2017-03-08 Thread Kishon Vijay Abraham I
dwc has 2 dbi address space labeled dbics and dbics2. The existing
helper to access dbi address space can access only dbics. However
dbics2 has to be accessed for programming the BAR registers in the
case of EP mode. This is in preparation for adding EP mode support
to dwc driver.

Cc: Jingoo Han 
Cc: Richard Zhu 
Cc: Lucas Stach 
Cc: Murali Karicheri 
Cc: Thomas Petazzoni 
Cc: Niklas Cassel 
Cc: Jesper Nilsson 
Cc: Joao Pinto 
Cc: Zhou Wang 
Cc: Gabriele Paoloni 
Acked-by: Joao Pinto 
Signed-off-by: Kishon Vijay Abraham I 
---
 drivers/pci/dwc/pci-dra7xx.c   |   10 +++--
 drivers/pci/dwc/pci-exynos.c   |   10 +++--
 drivers/pci/dwc/pci-imx6.c |   62 +++---
 drivers/pci/dwc/pci-keystone-dw.c  |   15 ---
 drivers/pci/dwc/pcie-armada8k.c|   39 +---
 drivers/pci/dwc/pcie-artpec6.c |7 +--
 drivers/pci/dwc/pcie-designware-host.c |   20 +
 drivers/pci/dwc/pcie-designware.c  |   76 ++--
 drivers/pci/dwc/pcie-designware.h  |   10 +++--
 drivers/pci/dwc/pcie-hisi.c|   17 ---
 10 files changed, 152 insertions(+), 114 deletions(-)

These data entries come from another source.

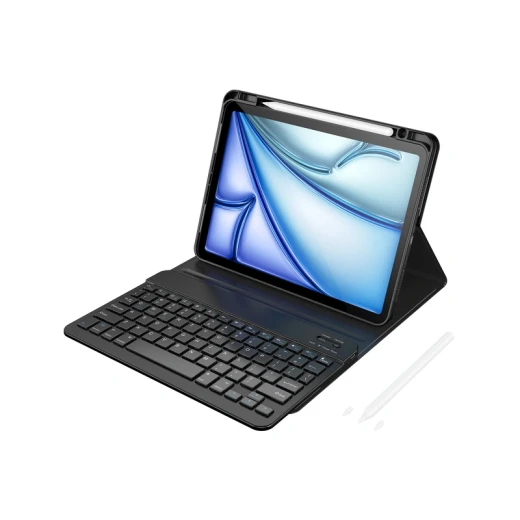 WiWU MK-006 iPad Keyboard Case with Stylus, Trackpad & Magnetic Cover 10.2 & 10.5" - Wiwu - Image 3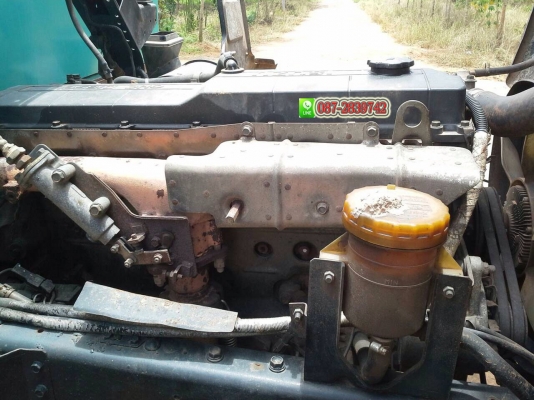 ขายดาวน์รถบรรทุกท้ายลาด 10 ล้อ 2 เพลา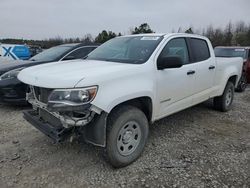 Chevrolet salvage cars for sale: 2018 Chevrolet Colorado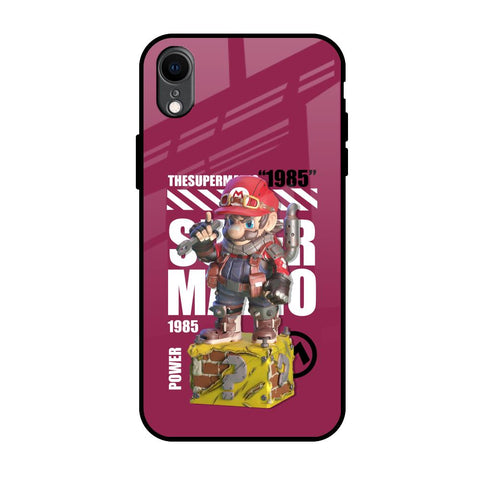 Gangster Hero Glossy Case for iPhone XR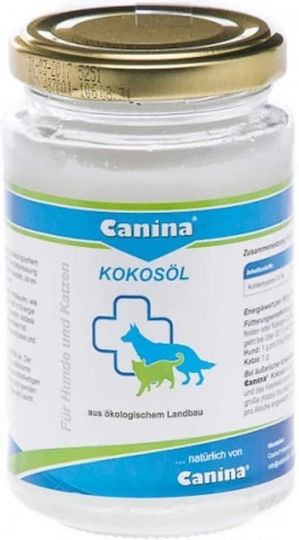 Canina Συμπλήρωμα Διατροφής Σκύλου και Γάτας σε Έλαιο 200ml για Δέρμα & Τρίχωμα
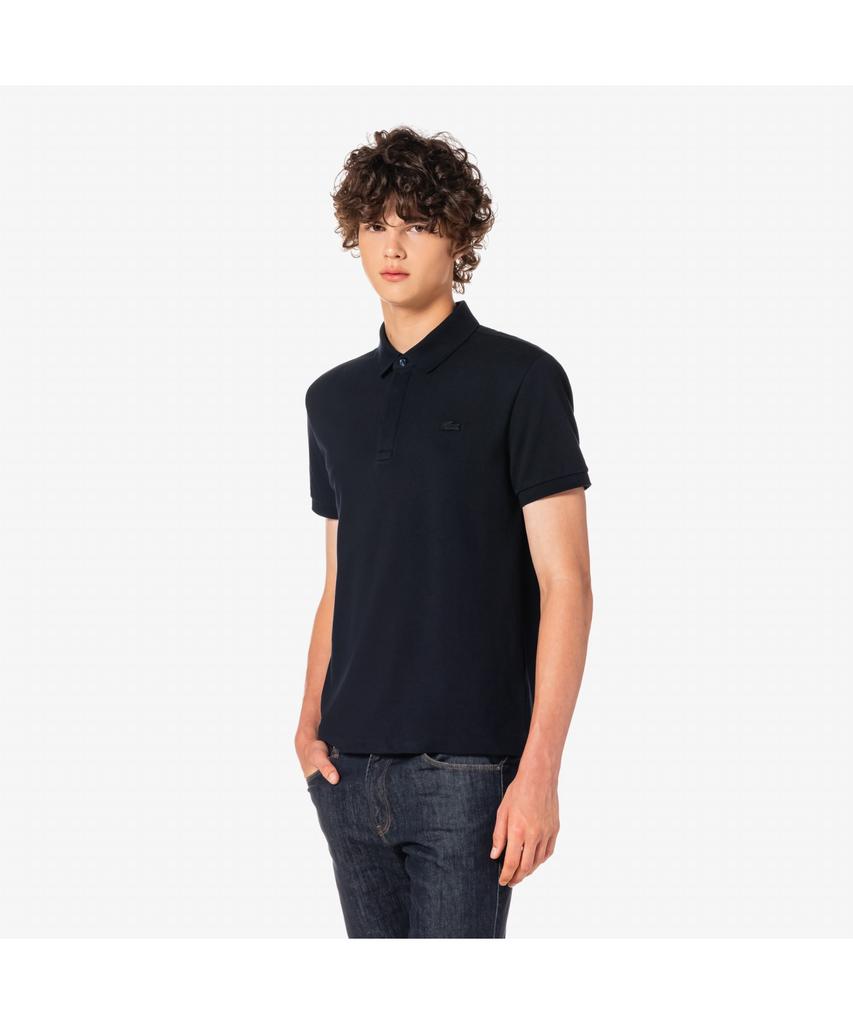 LACOSTE Men'S Paris Short Sleeve Polo Shirt Ph552E-55N Hde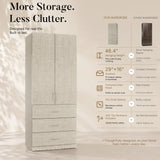 Tela Compact Wardrobe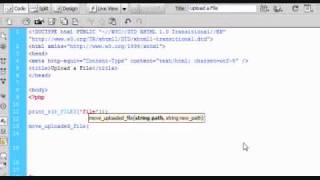 PHP File Upload Tutorial in Tamil  wwwtechtamilcom [upl. by Ecidnacal]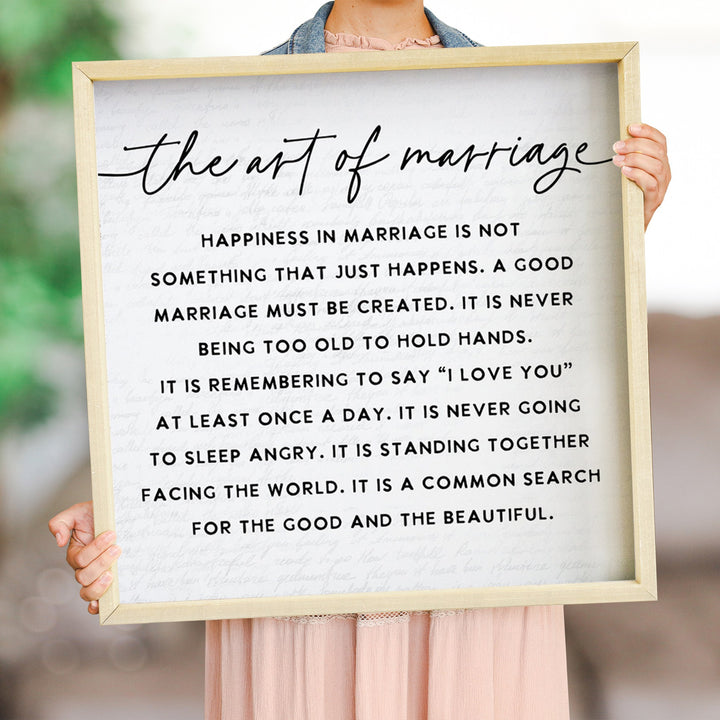 Art Of Marriage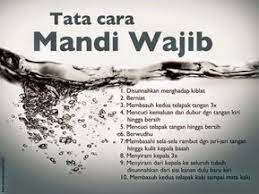 Pin By Ludfiah Yunita Syafitri On Cara Mandi Wajib Muslim Quotes Islam Facts Hijrah Islam
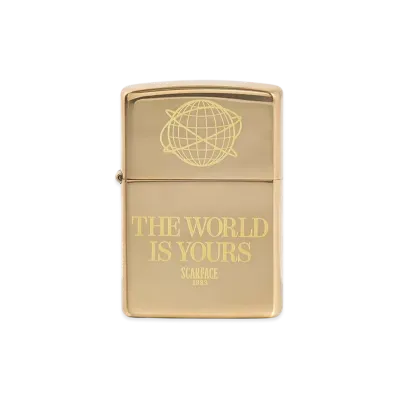 Kith x Scarface Zippo Lighter "Multi"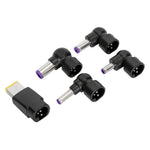 Adaptador Targus varios a USB - c power adapter set
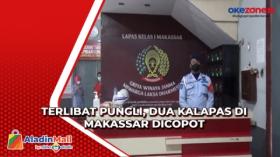 Terlibat Pungli, Dua Kalapas di Makassar Dicopot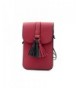 ZOONAI Tassel Crossbody Shoulder Wallet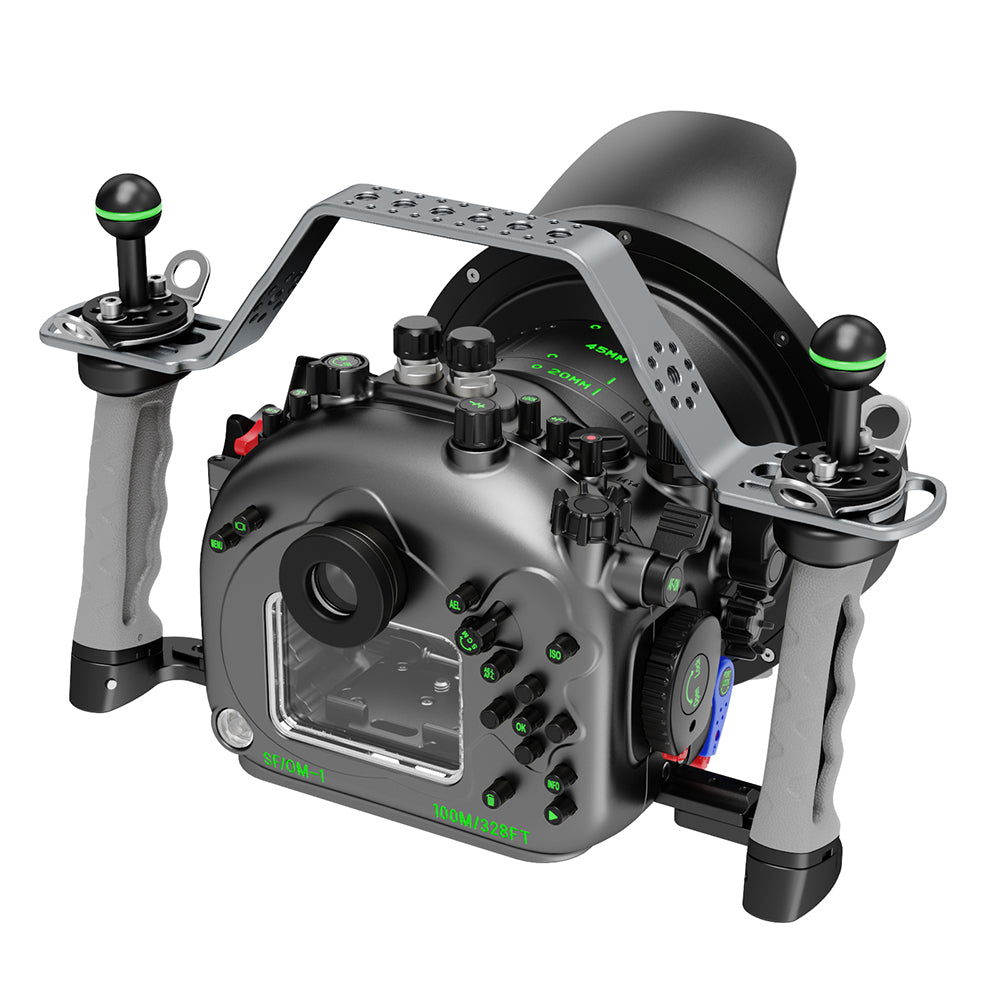 Sea Frogs Waterproof Camera Housing For Olympus OM-1/OM-1 II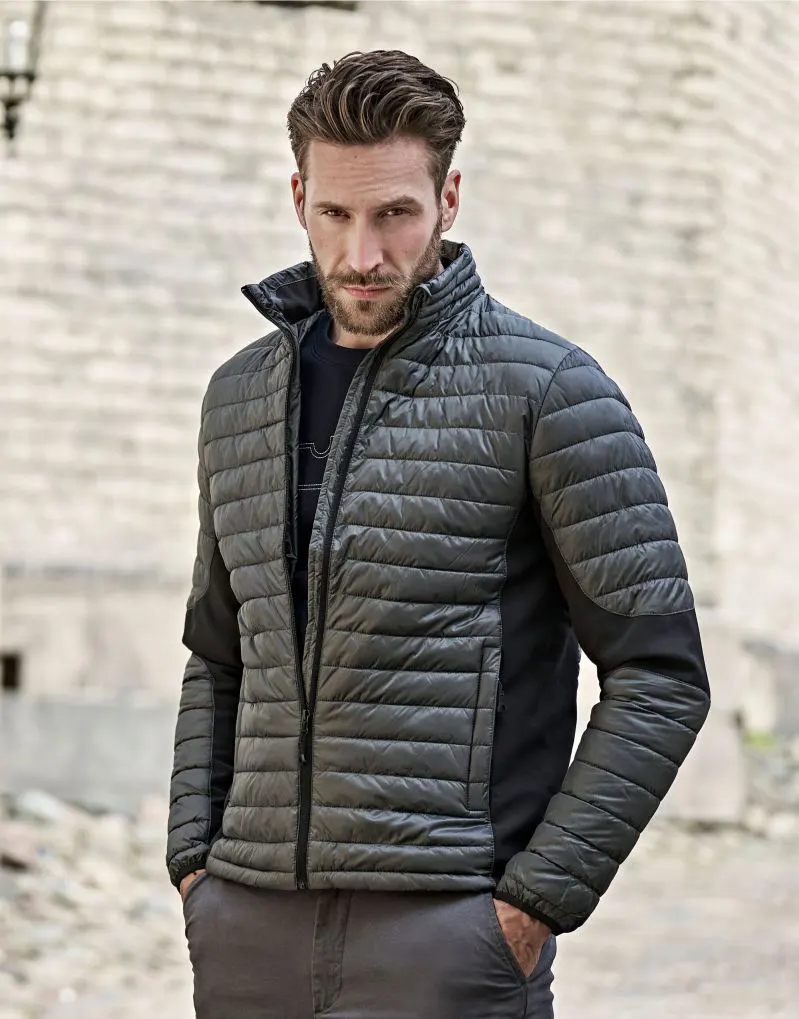 Tee Jays Mens Crossover Jacket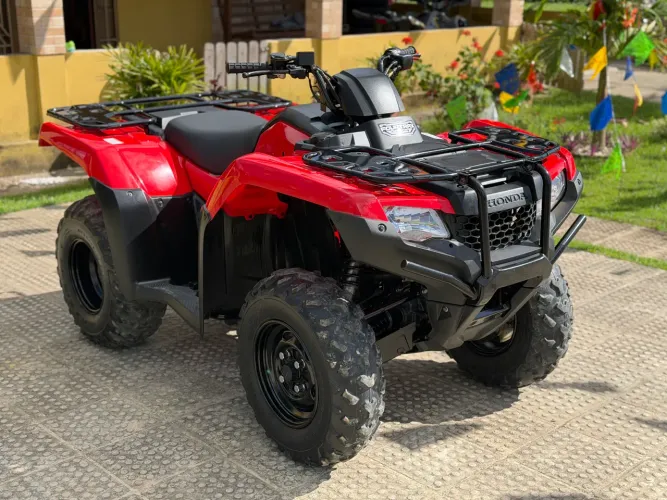Quadriciclo Honda Fourtrax 4x4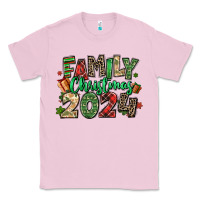 Bubblegum Pink family christmas 2024 Classic Tee - MaliasSmallBusiness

diff --git a/drivers/pci/dwc/pci-dra7xx.c b/drivers/pci/dwc/pci-dra7xx.c
index 07c45ec..3708bd6 100644
--- a/drivers/pci/dwc/pci-dra7xx.c
+++ b/drivers/pci/dwc/pci-dra7xx.c
@@ -495,12 +495,13 @@ static int dra7xx_pcie_suspend(struct device *dev)
 {
struct dra7xx_pcie *dra7xx = dev_get_drvdata(dev);
struct dw_pcie *pci = dra7xx->pci;
+   void __iomem *base = pci->dbi_base;
u32 val;
 
/* clear MSE */
-   val = dw_pcie_readl_dbi(pci, PCI_COMMAND);
+   val = dw_pcie_readl_dbi(pci, base, PCI_COMMAND);
val &= ~PCI_COMMAND_MEMORY;
-   dw_pcie_writel_dbi(pci, PCI_COMMAND, val);
+   dw_pcie_writel_dbi(pci, base, PCI_COMMAND, val);
 
return 0;
 }
@@ -509,12 +510,13 @@ static int dra7xx_pcie_resume(struct device *dev)
 {
struct dra7xx_pcie *dra7xx = dev_get_drvdata(dev);
struct dw_pcie *pci = dra7xx->pci;
+   void __iomem *base = pci->dbi_base;
u32 val;
 
/* set MSE */
-   val = dw_pcie_readl_dbi(pci, PCI_COMMAND);
+   val = dw_pcie_readl_dbi(pci, base, PCI_COMMAND);
val |= PCI_COMMAND_MEMORY;
-   dw_pcie_writel_dbi(pci, PCI_COMMAND, val);
+   dw_pcie_writel_dbi(pci, base, PCI_COMMAND, val);
 
return 0;
 }
diff --git a/drivers/pci/dwc/pci-exynos.c b/drivers/pci/dwc/pci-exynos.c
index 993b650..a0d40f7 100644
--- a/drivers/pci/dwc/pci-exynos.c
+++ b/drivers/pci/dwc/pci-exynos.c
@@ -521,23 +521,25 @@ static void exynos_pcie_enable_interrupts(struct 
exynos_pcie *ep)
exynos_pcie_msi_init(ep);
 }
 
-static u32 exynos_pcie_readl_dbi(struct dw_pcie *pci, u32 reg)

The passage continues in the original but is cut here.